Infection Immunology

Topic

  • Infection Immunology

Authors

Ulrike Schleicher (Erlangen / DE), Baplu Rai (Erlangen / DE), Liang Chunguang (Jena / DE), Andrea Debus (Erlangen / DE), Meik Kunz (Erlangen / DE), Myriam Jeninga (Erlangen / DE), Manfred Rauh (Erlangen / DE), Christoph Daniel (Erlangen / DE), Christian Bogdan (Erlangen / DE)

Abstract

Control of Leishmania (L.) requires IFNγ-dependent type 2 nitric oxide (NO) synthase (NOS2), an enzyme that converts L-arginine into citrulline and NO. NOS2 activity is counteracted by arginase (ARG) 1 and 2, which are induced by Th2 cytokines and cleave L-arginine into urea and ornithine, a precursor of polyamines necessary for cell proliferation. Recently, we observed that the expression of ARG1 steadily increased in L. mexicana-infected BALB/c and C57BL/6 mice during disease manifestation. Here, we studied the functional role of host cell arginases during L. mexicana induced chronic cutaneous leishmaniasis (CL).

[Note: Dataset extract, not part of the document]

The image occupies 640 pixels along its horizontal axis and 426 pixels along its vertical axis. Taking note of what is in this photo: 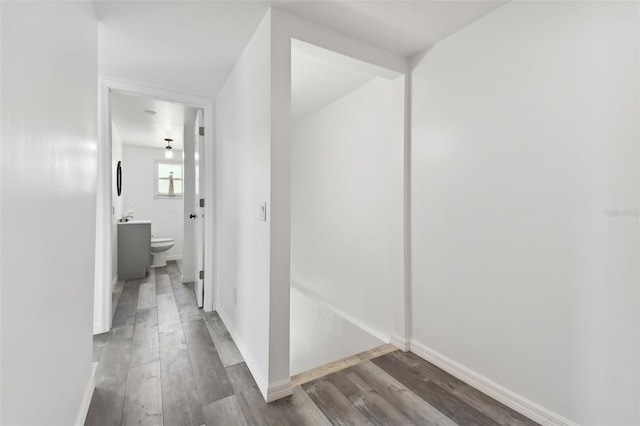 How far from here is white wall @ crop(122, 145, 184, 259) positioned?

L.mexicana infected C57BL/6 WT mice developed non-healing chronic CL, whereas mice with deletion of ARG1 in monocytes and macrophages (Arg1 ΔCx3cr1) exhibited a strongly reduced pathology and ultimately resolved their skin lesions despite parasite persistence. Mice lacking IL-10 in CD4+ T cells (Il10ΔCd4) revealed IL-10 as a factor inducing ARG1 during infection. Flow cytometry and scRNAseq analyses of skin lesions showed an enrichment of dermal myeloid subpopulations in WT mice, including a dominant cluster of ARG1+NOS2+ inflammatory macrophages that developed from recruited monocytes in an ARG1- and IFNγ-dependent manner. These macrophages expressed high levels of CXCL9/10, thereby entertaining a self-perpetuating cycle of inflammation, and served as a replicative niche for the parasites, because ARG1 restricted NOS2-mediated killing due to substrate competition. Additionally, the accumulation of ARG1+NOS2+ macrophages led to a long-lasting depletion of L-arginine in the skin as measured by metabolomics, which was not observed in ARG1-deficient healer mice. Based on this finding we treated infected mice with dietary L-arginine via the drinking water. Oral supplementation with L-arginine was able to prevent chronic CL in a prophylactic setting. Most strikingly, infected sick WT mice could be cured by the L-arginine treatment in a therapeutic setting.

Thus, metabolic reprogramming by L-arginine can resolve chronic skin inflammation in L. mexicana infection, which is induced and maintained by an ARG1-dependent pathogenic differentiation of monocytes.